Salvation came when he signed up for a high school drama class; at aged 16 winning recurring roles on Aussie soaps The Henderson Kids and Neighbours, opposite Kylie Minogue no less.

By 18 he thought he had it made following his critically acclaimed role in coming-of-age film, The Year My Voice Broke.

“Thankfully, I got old enough to go from a boy who looks like he’s been up to mischief, to a man who looks like he’s been up to mischief,” he smiles.

Together with contemporaries Guy Pearce, Russell Crowe, Noah Taylor, Joel Edgerton and Jason Clarke, he became a Los Angeles frequent-flier on the audition circuit. However, unlike his counterparts, nothing seemed to click until 2010’s Animal Kingdom, transforming his career overnight. In 2011 alone, Chris Nolan cast him in The Dark Knight Rises while enjoying prominent roles opposite Ryan Gosling in The Place Beyond the Pines and with Brad Pitt in Killing Them Softly.

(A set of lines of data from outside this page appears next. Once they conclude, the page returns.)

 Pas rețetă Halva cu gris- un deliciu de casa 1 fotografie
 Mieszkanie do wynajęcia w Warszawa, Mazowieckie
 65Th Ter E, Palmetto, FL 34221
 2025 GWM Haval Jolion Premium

Making no apology for seeking to expand his career by finally moving to Hollywood, he says, “I came here. There was no process. I’ve been coming here a long time and I was in Australia for a good deal longer than a lot of the other guys. I lived at home for a very, very long time. And I dare say I did a lot more at home than any of them. In fact, you could probably add a bunch of them together and I’ve done more at home than them. When they get to my numbers, then we can talk about that some more… ”

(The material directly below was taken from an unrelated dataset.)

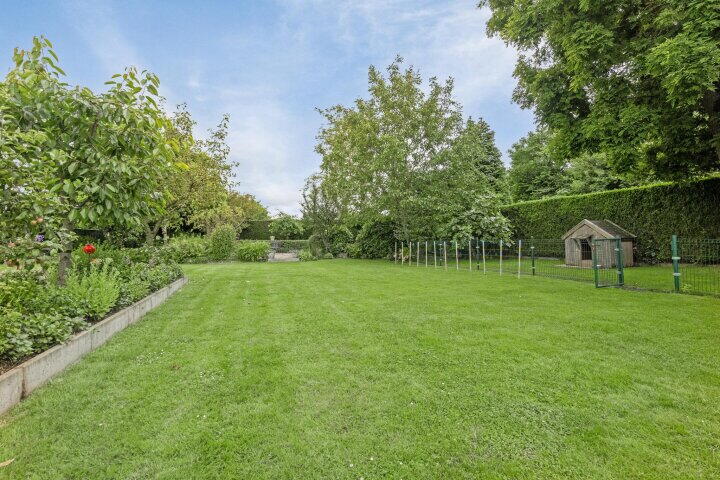 Foto 65 - Hussenbergstraat 25, Geulle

Bringing a nuanced brand of malice to all his villainous roles, his Emmy-winning performance as the sexy black sheep in series Bloodline cemented his bad-boy kudos, leading to a coveted role as Orson Krennic in Rogue One: A Star Wars Story.

If his typecasting bothers him, he’s not letting on, pointing to his recent portrayal of King George VI in Darkest Hour opposite Oscar-winning actor Gary Oldman.

“It was really ballsy of Joe Wright to cast me as George VI. He and Gaz had seen me in Starred Up so I guess they knew I could do the accent,” he says of his role as a career criminal in the searing British prison drama.

“But, you know what? It’s more fun to play the bad guy. You get to behave in ways you might want to behave in normal life, but can’t. So I don’t mind being a specialist in bad.”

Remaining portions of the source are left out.